A DX7 IIFD with E! modification was my first, and only, hardware synth. I bought it back in 1987, and for about 3 years it was the backbone of my makeshift MIDI recording setup. The E! mod enabled the playing of multiple tracks simultaneously thru different MIDI channels, so using a sequencer on my trusty old Mac SE30 (with a whopping 80MB hard drive!), I was able to create multitrack arrangements on the DX7. Guitars and vocals were recorded to a 4-track cassette.

It was a pretty primitive setup, but it's how I cut my teeth on multitrack recording. Years later, I was overjoyed when soft synths started to appear and happily ditched all the hardware. Except for guitars, I'm just not a hardware guy - I love the convenience, affordability, and flexibility that the virtual domain offers, and have no desire to re-live the past...


----------



## Superabbit (May 2, 2022)

Henu said:


> that traumatic crap can burn in a dumpster fire for all that I care


Man, that is vivid. You hate the DX7 with the fire of a thousand suns. I kinda don't like them either. I was 21 when they came out, the music lab at USC got one hot off the line and I got a chance to play with it and it sounded uh-MAY-zing. At first. Then I realized that programming it was next to impossible (for me at least) and a big PITA with the little LCD screen and those membrane buttons. That was the first red flag.

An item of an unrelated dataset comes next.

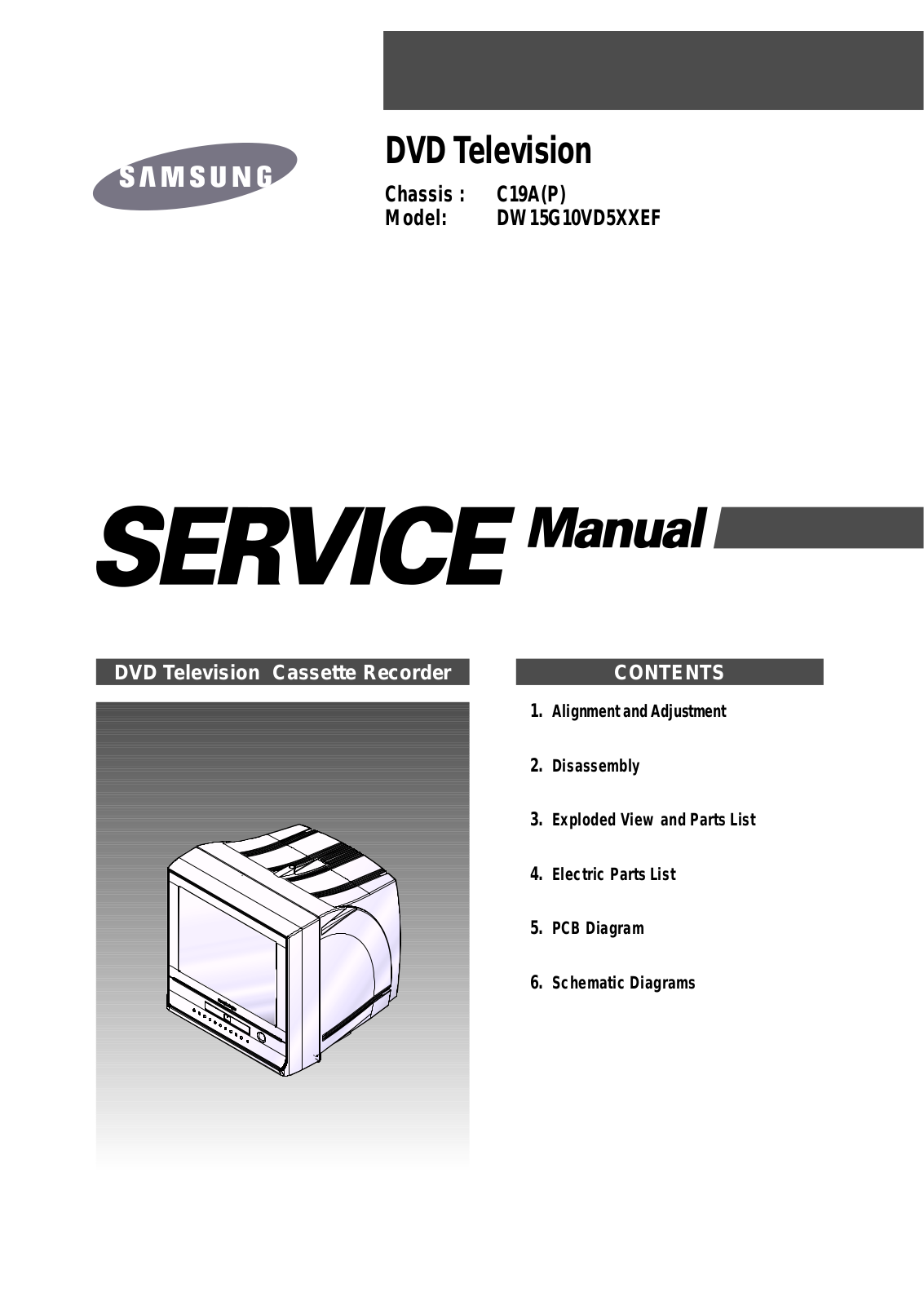 Samsung DW15G10VD5XXEF Schematic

Then as the decade progressed, it turned out that nobody else could figure out how to program them either, but they sure used the hell out of the uh-MAY-zing presets on every brain-dead overproduced puff-pop song and idiotic tired sitcom soundtrack to come out of LA.

I came to loathe the DX7 "Rhodes" patch so much that it colored my appreciation of actual Rhodes pianos.

The long-term chilling effect it had on the synth industry is still with us in some ways. For a couple of decades, synth manufacturers decided that nobody actually wanted to program the things, so they all turned into these black or silver knobless slabs. When the Yamaha CS6X came out in 1999 with its knobs and ribbon controller(!), I bought one straightaway. Now of course, there are a ton of nice little synths bristling with knobs.

Yamaha's use of the term "C3" to refer to the note that is middle C on the keyboard is still confusing things, because half of the rest of the MIDI world uses the Roland/Scientific Notation convention that says that middle C is "C4." They did that because the DX7 had a 61-key keyboard, and middle C was the third C from the left on the board.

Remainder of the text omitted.